This may require, to a certain extent, that the Court interpret the provisions which have allegedly been violated and which define the scope of the treaty (Alleged Violations of the 1955 Treaty of Amity, Economic Relations, and Consular Rights (Islamic Republic of Iran v. United States of America), Preliminary Objections, Judgment, I.C.J. Reports 2021, p. 32, para. 75).
137. In the present case, the acts complained of by Ukraine are, in essence, that the Russian Federation falsely accused the Applicant of committing genocide and invoked the Convention in bad faith in order to justify, in an abusive manner, its actions, particularly its military actions, which go beyond the limits of international law. According to Ukraine, these acts constitute violations of obligations under the Convention. More specifically, the obligations allegedly violated are those under Articles I and IV of the Convention.

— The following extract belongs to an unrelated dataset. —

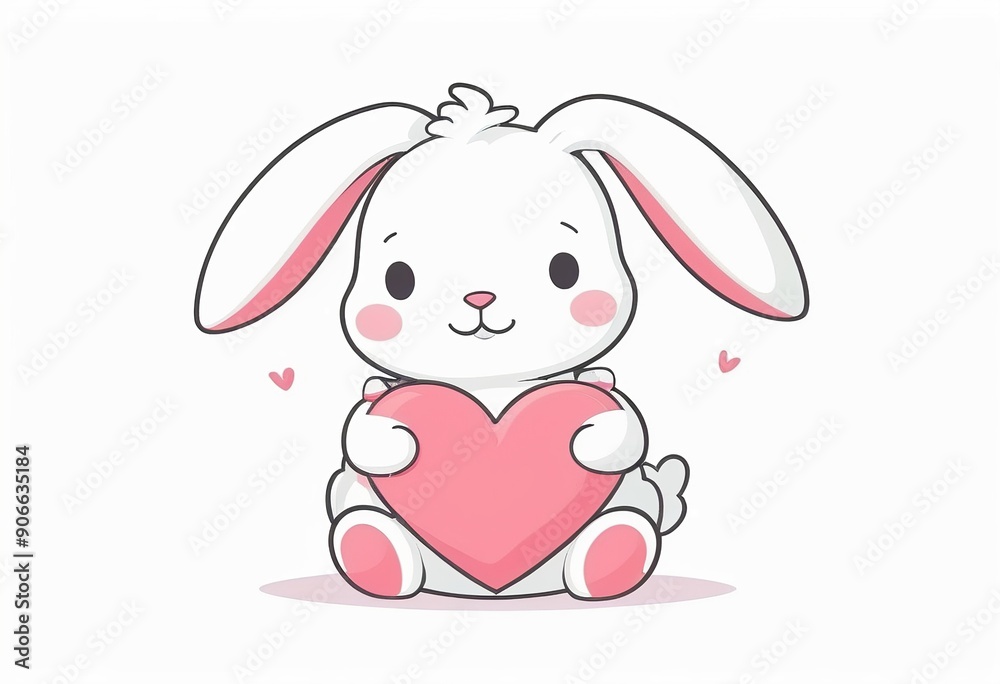Pink Heart Pillow Hugging White Rabbit Maid Cartoon Clipart Pink Heart Pillow Hugging White Rabbit Maid Cartoon Clipart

138. Article I of the Convention reads as follows: “The Contracting Parties confirm that genocide, whether committed in time of peace or in time of war, is a crime under international law which they undertake to prevent and to punish.”
Article IV, for its part, provides that “[p]ersons committing genocide or any of the other acts enumerated in article III shall be punished, whether they are constitutionally responsible rulers, public officials or private individuals”.

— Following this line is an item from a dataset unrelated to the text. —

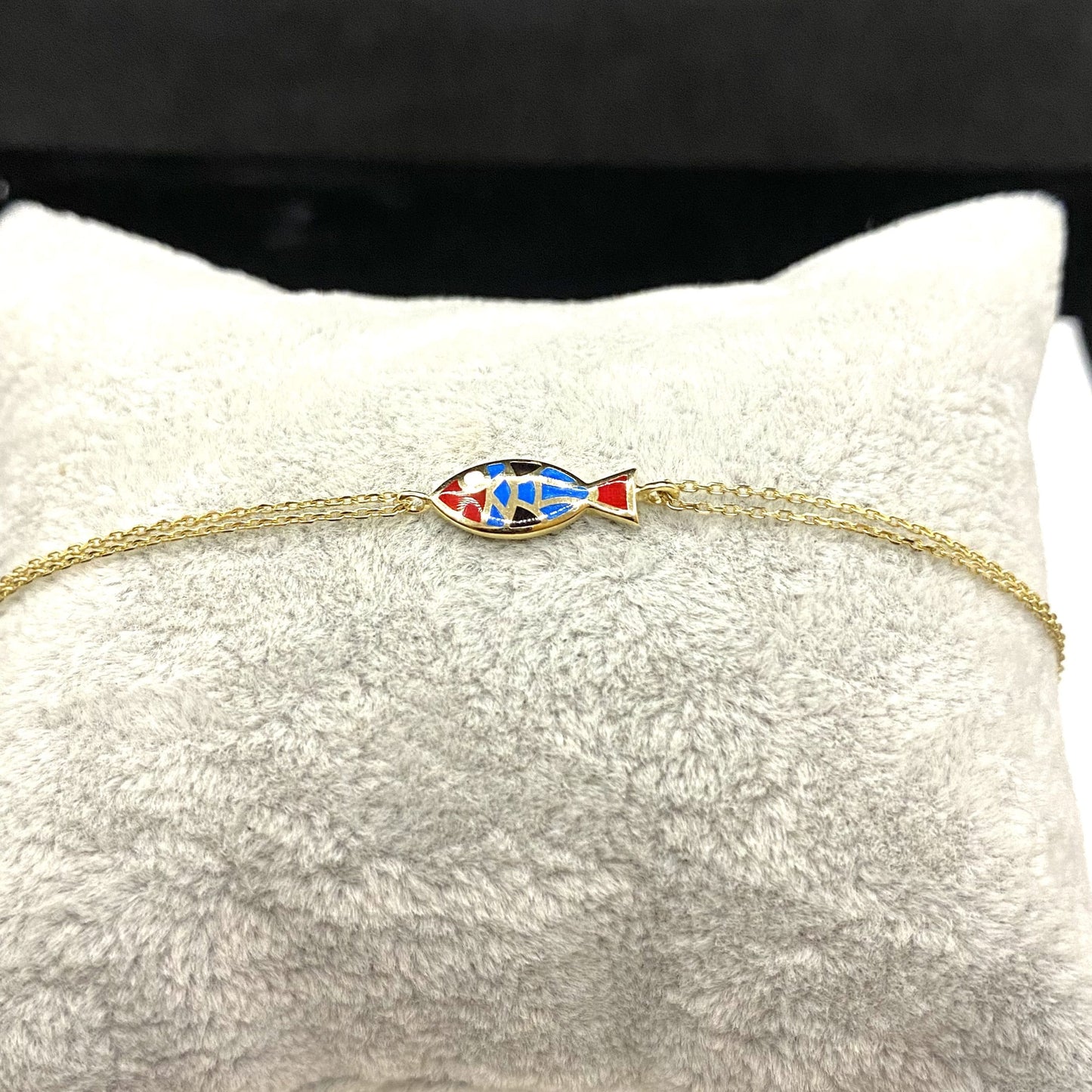 14K Real Solid Gold Multicolored Fish Bracelet for Women , Fish Jewelry ,Ocean Life , Fish Charm Bracelet , Birthday Gift for her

139. The Court is of the view that, even assuming that the acts of the Russian Federation complained of by Ukraine are fully established  which is not for the Court to decide at this stage  they would not constitute a violation of obligations under Articles I and IV cited above.
140. Ukraine does not claim that the Russian Federation refrained from taking any measure to prevent a genocide or to punish persons who had committed such a genocide. On the contrary, the Applicant claims that the genocide invoked by the Russian Federation did not occur and the allegation was made in bad faith. The purpose of the first aspect of Ukraine’s legal action is to request a finding by the Court that there is no credible evidence that it has committed any such genocide (see Part III of the present Judgment above). In these circumstances, it is difficult to see how the conduct of the Russian Federation complained of by Ukraine could constitute a violation, by the Respondent, of its obligations to prevent genocide and punish the perpetrators.
141. It is true that Ukraine seeks to demonstrate that the acts of which it accuses the Russian Federation constitute violations of obligations under Articles I and IV of the Convention by relying on two grounds: the first is that the Russian Federation has invoked the Convention in bad faith and implemented its obligations abusively; the second is that the measures it has adopted in invoking the Convention go beyond the limits permitted by international law. Most of the intervening States took the position that, in both situations, the Convention would be violated and, consequently, a claim based on such alleged violations would fall within the jurisdiction ratione materiae of the Court under Article IX.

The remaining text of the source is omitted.